Italy, propaganda and the 363rd Infantry Regiment
John Burridge was in the 363rd Infantry Regiment of the US 91st Division (fifth army). He served in North Africa and Italy.
|Picture. Crest of the 363rd Infantry Regiment|
On his discharge papers he listed his duties as follows:
I was a clerk typist in both intelligence and training and operations sections of headquarters of the infantry regiment in the Mediterranean Theatre of Operations. I prepared overlays and sketches, typed orders and supervised map distribution, maintenance and filing.
Janet wrote to me:
Because he served in a headquarters position he was able to collect the translations in the scrapbook. Upon discharge from the service my father worked for almost 40 years as an editor for various publications related to the insurance industry. He was married right after the war and had 4 children (and 9 grandchildren). When my mother died in February of this year, they had been married for 58 years.

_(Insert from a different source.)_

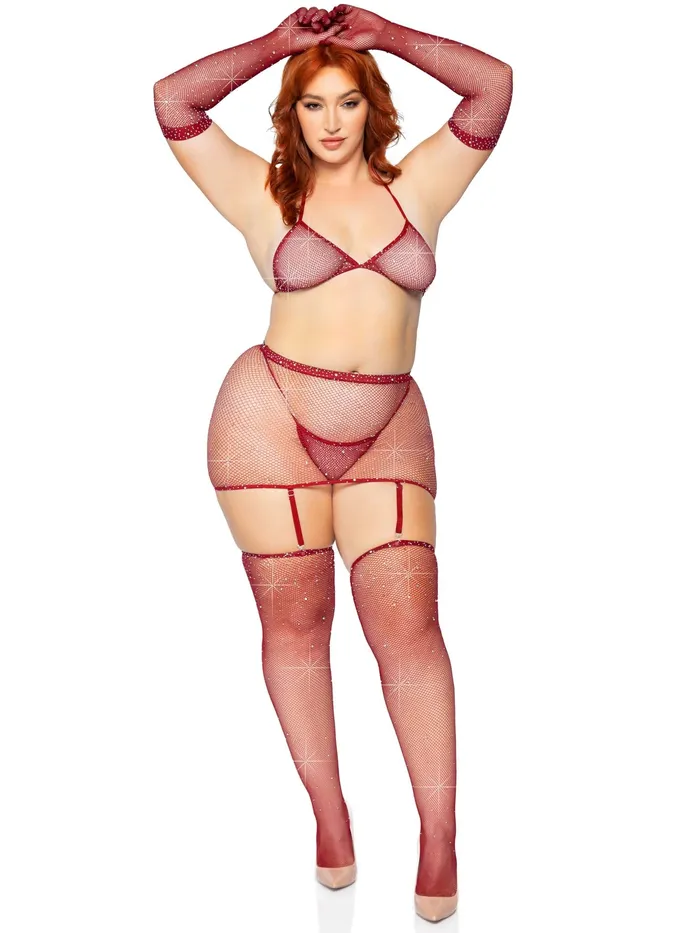 Rhinestone Fishnet 5Piece Lingerie Set Multiple Colors Available Leg Avenue Couples Rhinestone Fishnet 5Piece Lingerie Set Multiple Colors Available Leg Avenue Couples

|Picture. John Burridge in front of his tent in Italy|
John did tell the following on the leaflets:
The leaflets were sent to the Regimental Intelligence Officer and after he reviewed them, I kept them. I do not know where they actually came from or who (Americans or Brits) produced them. Back then, the general impression was that the leaflets acted more as propaganda than as actual causes for surrender. To my knowledge no German troops surrendered to the 363 because of the leaflets. But we believed that a lot of German troops felt they would be better off with the Americans (after reading the propaganda) but they could not do anything about it with a "Nazi rifle in their back".
About the 363rd Infantry Regiment until 1945
It was constituted August 1917 in the National Army as the 363d Infantry and assigned to the 91st Division.
Organized 4 September 1917 at Camp Lewis, Washington.
Campaigns: Ypres-Lys, Meuse-Argonne, Lorraine 1918.
Demobilized 2 May 1919 San Francisco, California.
Reconstituted 24 June 1921 in the Organized Reserves and assigned to the 91st Division.
Ordered into active military service August 1942 at Camp White, Oregon.
Campaigns: Rome-Arno, North Apennines, Po Valley.
Inactivated 27 November 1945, Alabama.
As the Regiment was part of the 91st Division, the history of the regiment and the 91st Division will be told based on the booklet that John brought home:
The Story of the Powder River / Let'er Buck, 91st Inf Div, August 1917 - January 1945
As most of the booklet is describing events earlier than November 1944 (the month that John started to collect his leaflets), this history is only given with a few pictures to describe the 91st. The leaflets from collection Burridge will be depicted in later parts of this homepage were the events of November / December 1944 are described.
At appropriate points I will insert short bits of text on a related subject. For instance, it is nice to see the use of Pin-Ups on official US Army documents! I can include this information because John also brought home a very few of these extremely rarely seen pieces.
The 91st Division was part of the 5th Army. The divisions within the 5th Army were organized into Corps. At times, the 5th Army consisted of the II Corps, IV Corps and/or VI Corps.
The 91st Division contained the 361st, 362nd and 363rd Regiments.
Each Regiment consisted of three battalions that commanded four companies.